Think about an organization that is working to end world hunger. Or one that is combating racism and discrimination in society. Or another whose aim is to protect marine life from the mounds of plastic trash dumped in the oceans every year.
What do you think would be these organizations’ greatest achievement, their greatest moment?
It will not be when they get a certain law passed or they open up a new center or when they are successful in recruiting thousands more to their cause.
Their greatest day will come when they could pack up their stuff and close their offices!
Because that will mean that the work has been done, the goals have been achieved, and their organization is no longer needed or necessary.
Wanna hear something crazy?
The same can be said for Judaism.
Though we often think about Judaism as a religion, replete with its beliefs, rituals and laws, it is more accurately viewed, I believe, as a movement whose days, ideally, are numbered.
Don’t agree with me?
That’s fine, because it’s not my original idea.
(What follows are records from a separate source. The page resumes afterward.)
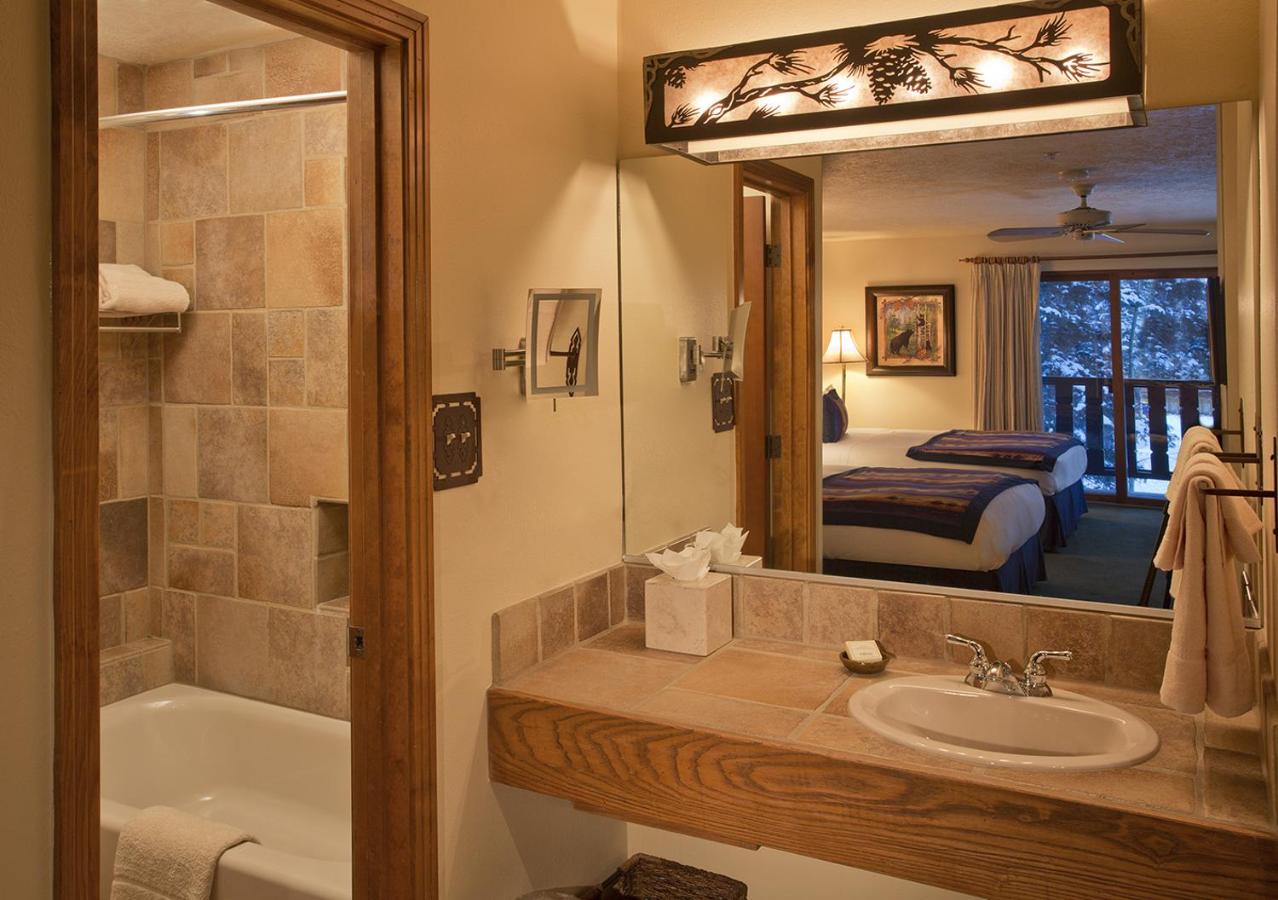 Two-Bedroom King Suite at Alpine Village Suites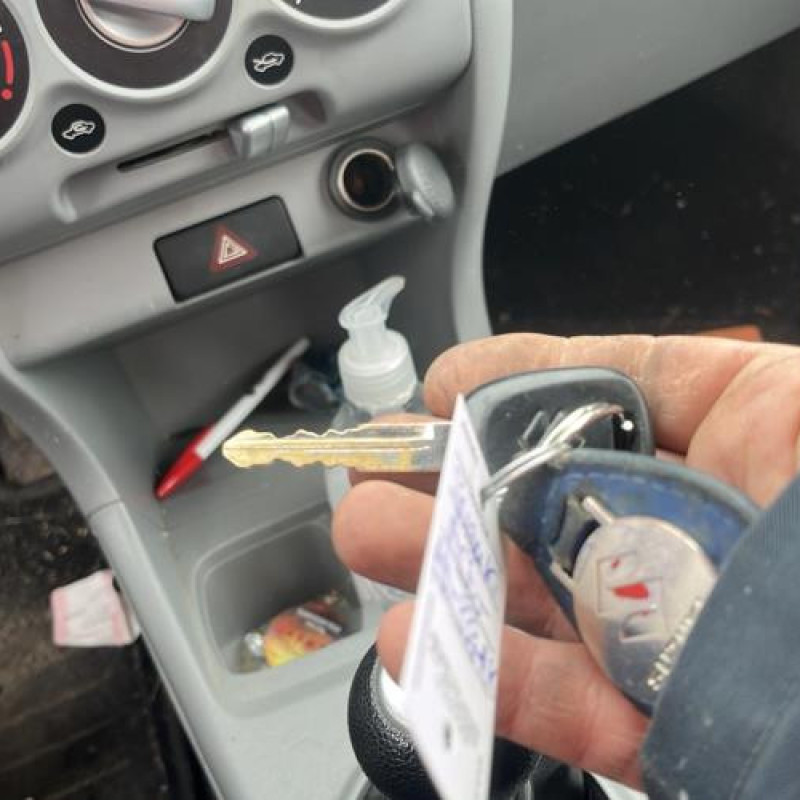 Poignee porte avant droit SUZUKI ALTO 3 Photo n°15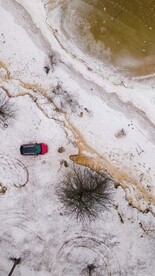 航拍冬天湖边雪景
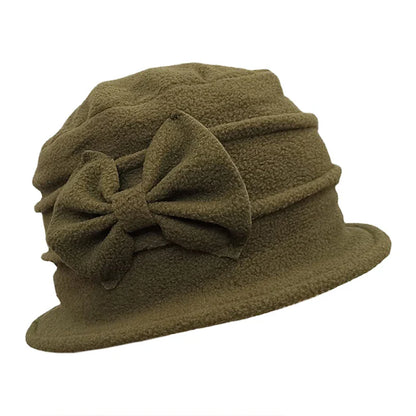 Femme assise avec chapeau cloche, ambiance vintage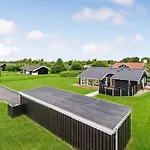 Hébergement de vacances 4 Bedroom In *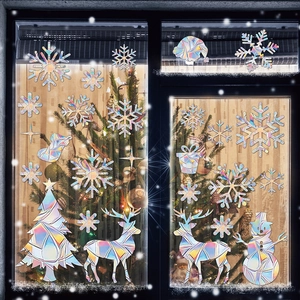 Holografische Weihnachtsfensterbilder mit irisierenden Rentier- und Schneeflockenmotiven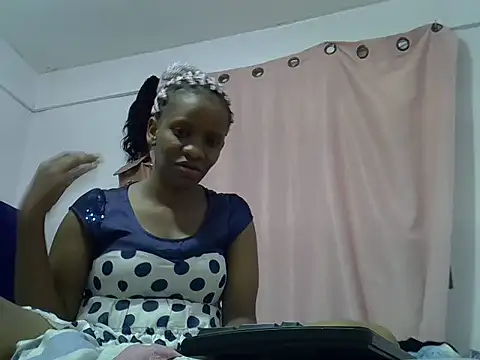 prettybeee online show from 24, 5, 2026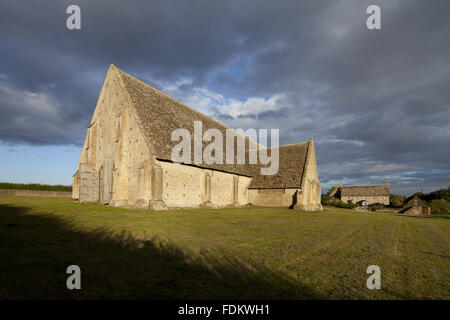 Grande grange Coxwell, Oxfordshire, une treizième siècle grange monastique cistercienne. Banque D'Images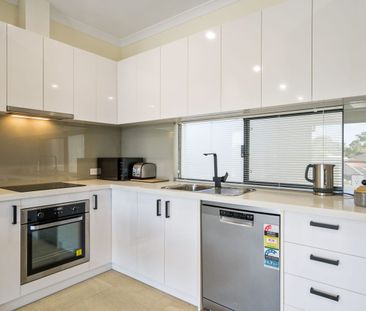 Quality Furnished Unit in Sought After Melville Location!! - Photo 5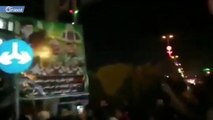 متظاهرون عراقيون يمزقون صورة خامينئي بكربلاء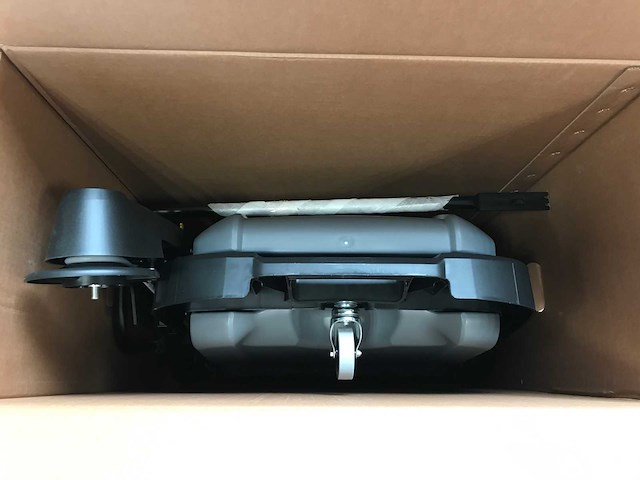 Kärcher km 70/15 c - 1.517-151.0 professionele veegmachine - afbeelding 5 van  6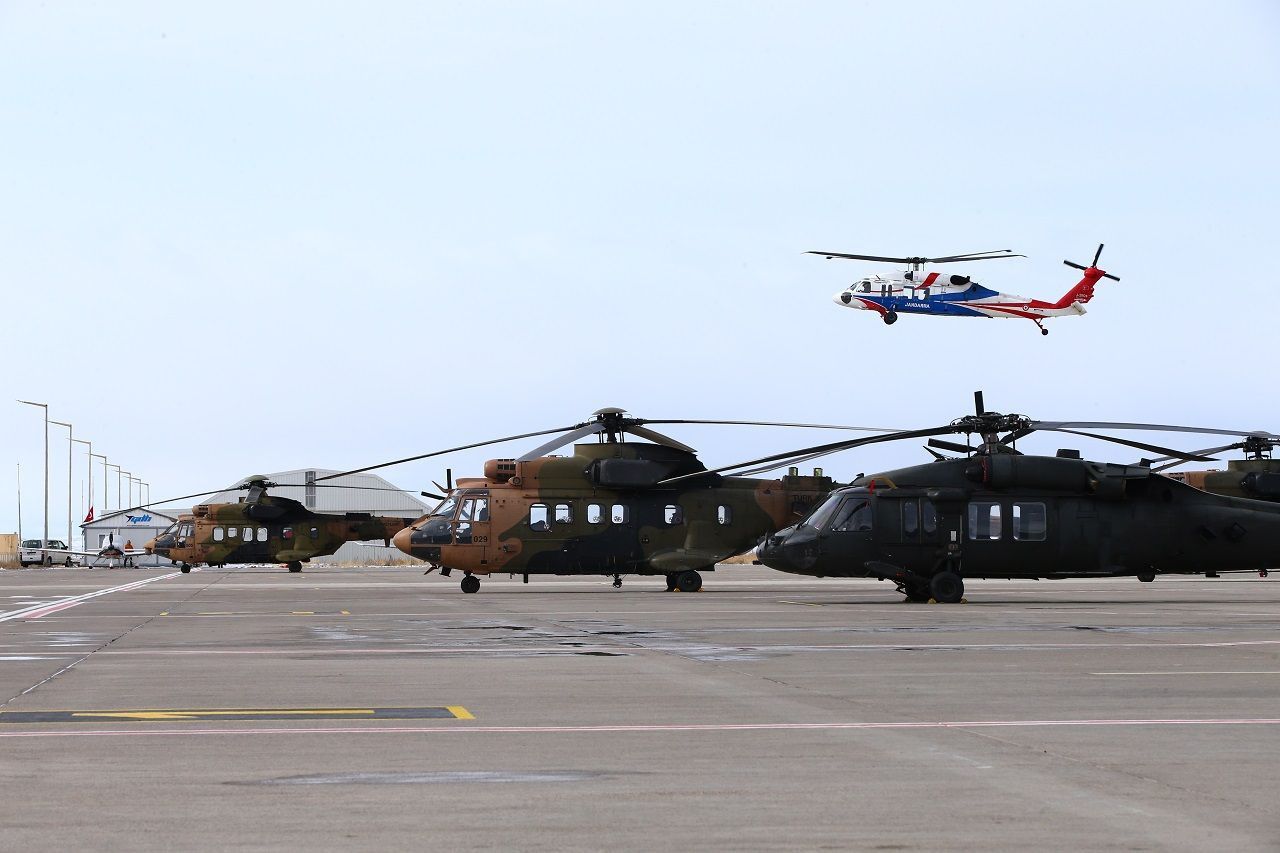 Mehmetçik afet bölgesinde! 17 askeri helikopter deprem bölgesine hareket etti 4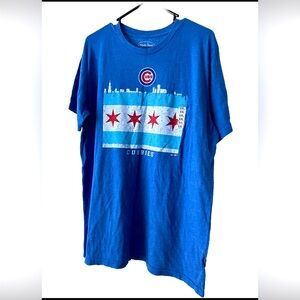Brand New w/ Tags Men’s 2X Chicago Cubs City Skyline & Flag Majestic Threads Tee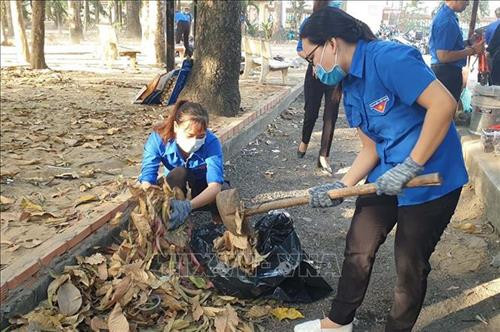 Không xả rác ra đường: Chuyện tưởng dễ mà khó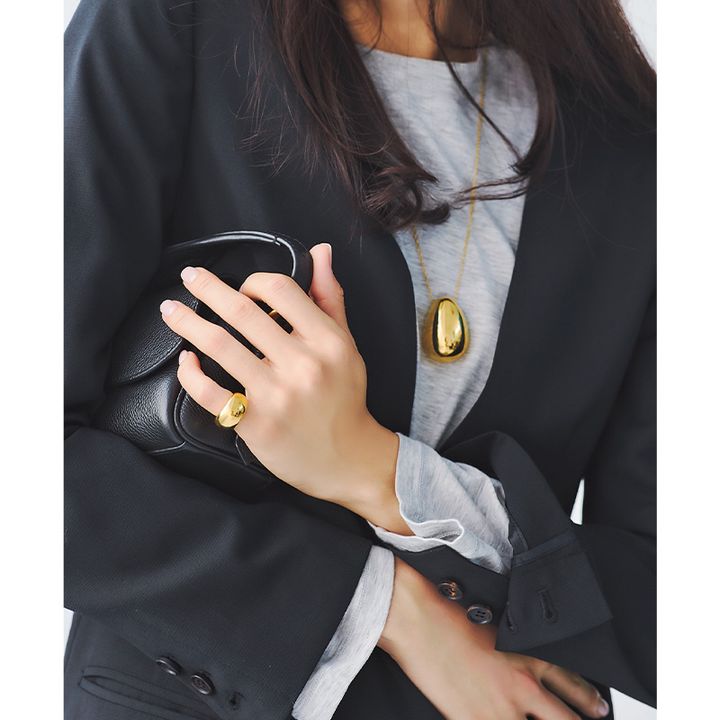 ゴールドアクセで揃えて上品に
It’s actually a Jewish idea!
In fact, it was recorded in the Talmud some 1,500 years ago, when Rav Yosef said, “…the commandments will be nullified in the future world-to-come.” (Niddah, 61b, for those who like sources).
Additionally, it says in the midrash that, “In the future, all the holidays will be nullified, and the days of Purim will never be nullified…” (Yalkut Shimoni, Mishlei, 944).
What could these statements possibly mean?
Isn’t Judaism and its commandments supposed to last forever? Thousands of years ago, wasn’t Avraham on a quest for truth, a truth which he found, a truth which became the foundation of Judaism? Shouldn’t that truth be eternal?
Could it be that there is some kind of expiration date stamped onto the world’s oldest monotheistic religion?
Can we even imagine a world without things like checking food labels for kashrut certification, looking at our watches to see how long ago we finished eating that hamburger so that we could eat that ice cream waiting for us at home in the freezer (I never actually did that since I’m vegan 🙂 ) or joining the bustling crowds in Jerusalem’s Mahane Yehuda market on Fridays to buy delicacies for Shabbat?
Before we answer these questions, let me share a little bit about myself.
I was born Jewish in a very Jewish place called New York. I knew I was Jewish since I ate bagels and went to Hebrew school, but I had no intimate connection with my people’s tradition and what I did know about it wasn’t meaningful to me. By the end of high school and into college, my life’s meaning came from playing music, spending time in nature, and being very active in political/peace/save-the-world organizations and movements.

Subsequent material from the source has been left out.